The powers are negative because for audio signals normalized between -1 and 1, the average power is less than 1, leading to a negative dB value. My original .wav file was mono, so I added code to duplicate it into two identical channels, so the power sare identical, and they sound exactly the same

2. Form the sum of the channels & compute power

P(sum = ch1+ch2):         -7.77 dB
P(sum) relative to P1:    6.02 dB

Since the channels are identical, the observed +6.02dB difference is correct for summing two identical signals.

Sum becomes 2x mono signal, so it is visibly larger in amplitude.

Sum becomes 2x mono signal, so it is visibly larger in amplitude.
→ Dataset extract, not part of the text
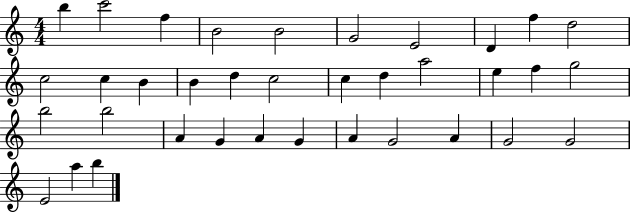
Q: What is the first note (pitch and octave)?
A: B5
3. Form the difference of the channels and compute power

P(diff = ch1-ch2):        -Inf dB
P(diff) relative to P1:   -Inf dB

Since both channels are identical, 10log(0) is infinity. The difference signal has zero power, since all samples are zero. The difference channel normally contains stereo information, but here it is exacly zero

4. FFT and 99% Power Bandwidth

--- 99% power bandwidth ---
99% power bandwidth ≈ 0.59 kHz = 590Hz

Spectrum is strong near low frequencies, then gradually rolls off. 99% of the energy is below ~600Hz.

Spectrum is strong near low frequencies, then gradually rolls off. 99% of the energy is below ~600Hz.